Without including the pictures, copy out every line below.

* [Data shown]
◆ ◆ ◆
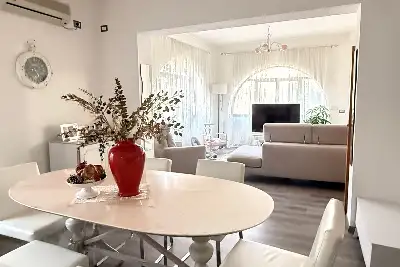 Villa Bifamiliare in vendita, Via Giuseppe Nigra, Sassari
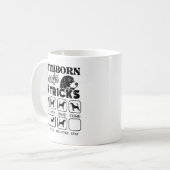 Le beagle têtu dupe la tasse (Devant gauche)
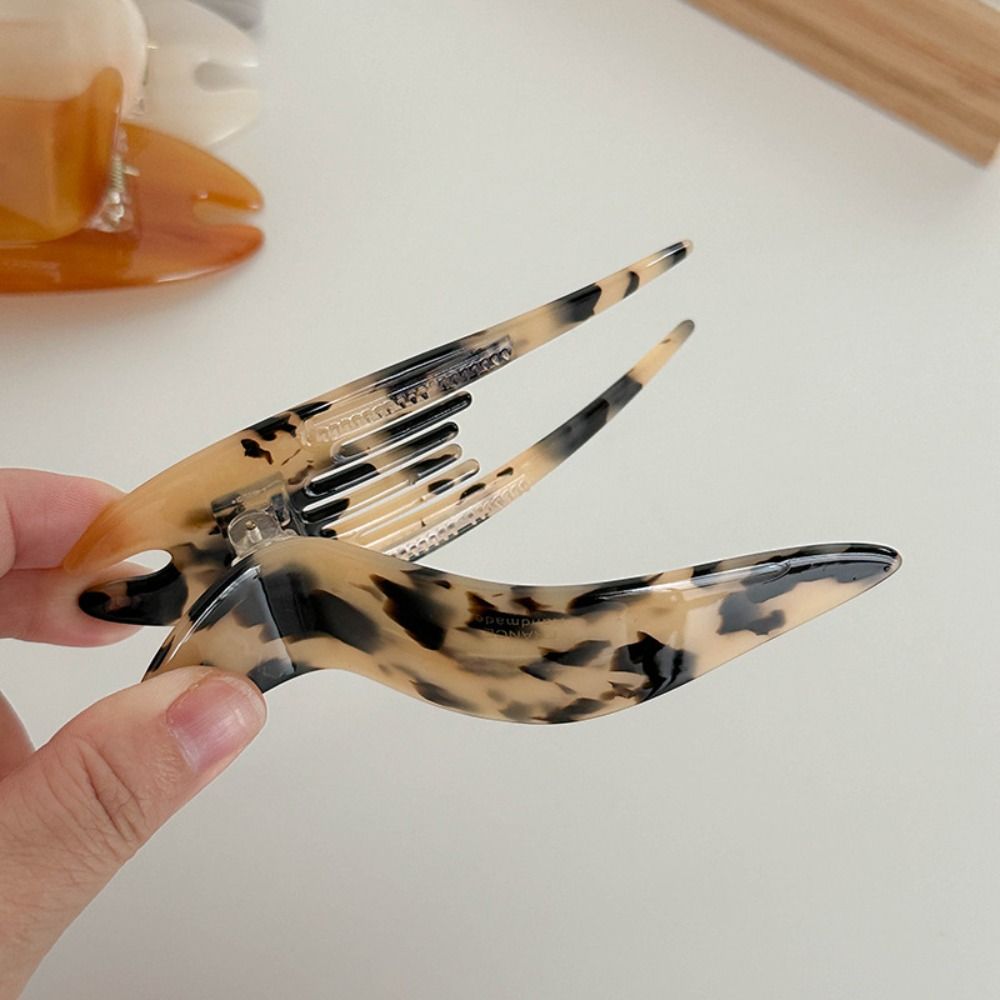 Sweet Leopard Hair Clip Elegant Kroean Style Barrettes Temperament Acetic Acid Duckclip Women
◆ ◆ ◆
* [Task response]
 Villa Bifamiliare in vendita, Via Giuseppe Nigra, Sassari
 Le beagle têtu dupe la tasse (Devant gauche)
 Sweet Leopard Hair Clip Elegant Kroean Style Barrettes Temperament Acetic Acid Duckclip Women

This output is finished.